Accadde tutto in un paio di secondi.
“Signor Towers!”. Cassidy sentì
dietro di sé una voce femminile mentre stava per puntare la canna
della pistola verso l'uomo. Il gioielliere, riconosciuta la voce
della sua impiegata, si voltò e, d'istinto, alzò il braccio destro.
La valigetta prese Cassidy in piena faccia. Il rapinatore ruzzolò a
terra e la pistola scivolò oltre il marciapiede, sotto la Ford. La
donna gridò. Towers corse via in direzione opposta. Brendon scese
dall'auto e si piegò per cercare l'arma. La trovò, la impugnò e la
rivolse verso il tipo che correva. Cassidy, ancora mezzo inebetito,
vide Brendon sopra di lui con il braccio teso. Incredulo, sentì il
colpo. Si alzò nonostante i capogiri feroci.
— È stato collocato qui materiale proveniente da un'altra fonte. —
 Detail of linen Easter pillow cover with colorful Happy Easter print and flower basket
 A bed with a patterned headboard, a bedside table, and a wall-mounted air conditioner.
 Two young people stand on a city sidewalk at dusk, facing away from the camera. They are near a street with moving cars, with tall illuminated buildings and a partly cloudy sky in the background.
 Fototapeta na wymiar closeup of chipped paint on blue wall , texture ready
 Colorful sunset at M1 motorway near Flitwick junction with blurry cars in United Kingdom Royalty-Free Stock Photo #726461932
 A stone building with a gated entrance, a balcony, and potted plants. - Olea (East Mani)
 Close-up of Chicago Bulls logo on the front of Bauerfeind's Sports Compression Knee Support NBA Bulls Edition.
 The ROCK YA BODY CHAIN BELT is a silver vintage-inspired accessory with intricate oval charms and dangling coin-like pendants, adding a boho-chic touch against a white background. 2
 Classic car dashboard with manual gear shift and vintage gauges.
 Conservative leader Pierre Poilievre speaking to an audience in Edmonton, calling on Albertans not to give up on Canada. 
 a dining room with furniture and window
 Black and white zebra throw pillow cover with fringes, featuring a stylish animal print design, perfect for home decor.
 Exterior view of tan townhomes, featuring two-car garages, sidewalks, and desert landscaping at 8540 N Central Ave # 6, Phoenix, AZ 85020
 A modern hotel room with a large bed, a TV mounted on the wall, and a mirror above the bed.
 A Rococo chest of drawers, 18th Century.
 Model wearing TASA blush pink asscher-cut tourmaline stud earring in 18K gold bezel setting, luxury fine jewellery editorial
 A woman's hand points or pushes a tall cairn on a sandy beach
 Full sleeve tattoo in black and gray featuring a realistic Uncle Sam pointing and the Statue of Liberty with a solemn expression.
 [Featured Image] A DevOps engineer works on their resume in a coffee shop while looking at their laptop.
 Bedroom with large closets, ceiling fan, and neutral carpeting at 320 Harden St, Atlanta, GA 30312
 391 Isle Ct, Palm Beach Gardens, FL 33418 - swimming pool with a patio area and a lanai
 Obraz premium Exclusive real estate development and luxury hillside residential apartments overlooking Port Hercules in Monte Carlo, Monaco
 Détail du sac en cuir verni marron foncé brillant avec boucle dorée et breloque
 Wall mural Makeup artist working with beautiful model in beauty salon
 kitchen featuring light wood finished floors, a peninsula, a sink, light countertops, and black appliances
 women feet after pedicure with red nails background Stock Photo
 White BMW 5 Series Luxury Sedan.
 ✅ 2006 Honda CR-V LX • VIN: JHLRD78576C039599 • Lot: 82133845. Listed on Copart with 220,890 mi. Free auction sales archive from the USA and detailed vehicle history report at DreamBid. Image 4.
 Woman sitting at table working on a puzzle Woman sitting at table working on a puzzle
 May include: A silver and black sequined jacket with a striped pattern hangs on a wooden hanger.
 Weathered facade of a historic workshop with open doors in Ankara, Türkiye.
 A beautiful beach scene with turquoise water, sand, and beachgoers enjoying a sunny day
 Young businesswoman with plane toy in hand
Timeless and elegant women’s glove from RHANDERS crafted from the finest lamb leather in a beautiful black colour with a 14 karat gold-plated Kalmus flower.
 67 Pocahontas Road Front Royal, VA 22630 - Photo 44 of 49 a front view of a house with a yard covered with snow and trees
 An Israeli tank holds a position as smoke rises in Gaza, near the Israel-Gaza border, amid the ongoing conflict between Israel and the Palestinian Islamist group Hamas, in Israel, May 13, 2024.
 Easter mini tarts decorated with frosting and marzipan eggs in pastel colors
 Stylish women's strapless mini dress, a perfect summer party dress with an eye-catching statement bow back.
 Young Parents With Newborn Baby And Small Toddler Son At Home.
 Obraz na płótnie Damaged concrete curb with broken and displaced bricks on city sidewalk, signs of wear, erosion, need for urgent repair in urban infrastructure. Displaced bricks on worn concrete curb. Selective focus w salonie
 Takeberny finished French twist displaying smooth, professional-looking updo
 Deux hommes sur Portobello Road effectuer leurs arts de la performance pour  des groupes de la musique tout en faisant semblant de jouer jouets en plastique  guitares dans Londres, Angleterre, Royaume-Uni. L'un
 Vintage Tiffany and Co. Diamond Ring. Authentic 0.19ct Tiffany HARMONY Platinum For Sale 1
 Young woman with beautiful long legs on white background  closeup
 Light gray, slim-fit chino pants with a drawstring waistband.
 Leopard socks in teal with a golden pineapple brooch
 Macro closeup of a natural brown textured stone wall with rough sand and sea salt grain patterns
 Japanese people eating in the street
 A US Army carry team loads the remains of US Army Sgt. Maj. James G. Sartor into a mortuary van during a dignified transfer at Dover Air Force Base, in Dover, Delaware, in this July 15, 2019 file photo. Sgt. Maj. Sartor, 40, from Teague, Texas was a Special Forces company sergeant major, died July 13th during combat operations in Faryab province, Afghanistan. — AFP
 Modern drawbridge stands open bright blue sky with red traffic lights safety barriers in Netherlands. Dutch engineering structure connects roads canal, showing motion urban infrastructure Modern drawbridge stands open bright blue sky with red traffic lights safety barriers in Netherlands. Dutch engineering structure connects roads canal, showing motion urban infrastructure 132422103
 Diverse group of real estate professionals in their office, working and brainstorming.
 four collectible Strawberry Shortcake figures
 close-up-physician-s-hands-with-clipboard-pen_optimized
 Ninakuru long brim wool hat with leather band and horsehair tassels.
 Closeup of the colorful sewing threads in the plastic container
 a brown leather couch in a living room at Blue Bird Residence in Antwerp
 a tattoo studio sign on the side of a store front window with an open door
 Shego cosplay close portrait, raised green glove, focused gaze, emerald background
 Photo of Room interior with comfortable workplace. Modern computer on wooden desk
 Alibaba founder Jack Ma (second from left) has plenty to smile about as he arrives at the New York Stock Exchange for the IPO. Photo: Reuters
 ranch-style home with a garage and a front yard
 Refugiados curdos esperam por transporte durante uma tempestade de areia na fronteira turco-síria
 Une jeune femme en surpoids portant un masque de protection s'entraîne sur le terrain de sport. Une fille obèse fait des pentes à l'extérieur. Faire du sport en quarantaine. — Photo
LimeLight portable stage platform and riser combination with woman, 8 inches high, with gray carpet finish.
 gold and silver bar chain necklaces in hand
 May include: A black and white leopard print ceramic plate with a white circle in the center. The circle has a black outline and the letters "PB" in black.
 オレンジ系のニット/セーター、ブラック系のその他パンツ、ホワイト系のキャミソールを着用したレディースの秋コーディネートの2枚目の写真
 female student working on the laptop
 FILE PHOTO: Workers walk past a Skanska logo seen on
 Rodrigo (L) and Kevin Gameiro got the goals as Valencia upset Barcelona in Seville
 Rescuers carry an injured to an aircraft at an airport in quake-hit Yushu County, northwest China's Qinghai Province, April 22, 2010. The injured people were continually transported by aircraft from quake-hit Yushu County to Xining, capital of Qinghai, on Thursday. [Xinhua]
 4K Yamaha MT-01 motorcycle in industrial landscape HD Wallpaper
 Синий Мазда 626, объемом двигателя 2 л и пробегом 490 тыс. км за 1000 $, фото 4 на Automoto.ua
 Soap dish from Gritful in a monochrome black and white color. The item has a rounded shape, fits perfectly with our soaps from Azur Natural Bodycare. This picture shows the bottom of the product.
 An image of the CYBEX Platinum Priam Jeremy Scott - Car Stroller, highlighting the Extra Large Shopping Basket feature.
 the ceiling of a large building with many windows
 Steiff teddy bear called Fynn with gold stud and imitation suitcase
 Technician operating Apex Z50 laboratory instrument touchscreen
“Che cazzo fai?” gridò. Le sue
mani cercarono il corpo di Brendon ma mancarono il bersaglio. Cadde
ancora a terra. Sentì il sapore del sangue mescolarsi dentro la
bocca con quello della polvere. La vista si annebbiò. Dentro le
orecchie grida di donna. Poi si sentì sollevare. Fu spinto sopra
qualcosa di morbido. Le gambe accartocciate in una posa innaturale.
L'auto partì con un interminabile stridio di freni e il corpo di
Cassidy fu sballottato avanti e indietro. Cadde con la faccia rivolta
all'ingiù nello spazio fra il sedile posteriore e quello anteriore.
Aprì gli occhi e vide la foto di Baumgartner sul giornale a pochi
centimetri da lui. L'austriaco sorrideva e lo guardava negli occhi.
Teneva una mano alzata a mo' di saluto. Indossava una tuta
d'astronauta. Era come quelle, si disse Cassidy, che aveva disegnato
mille volte da piccolo. Poi si spense la luce.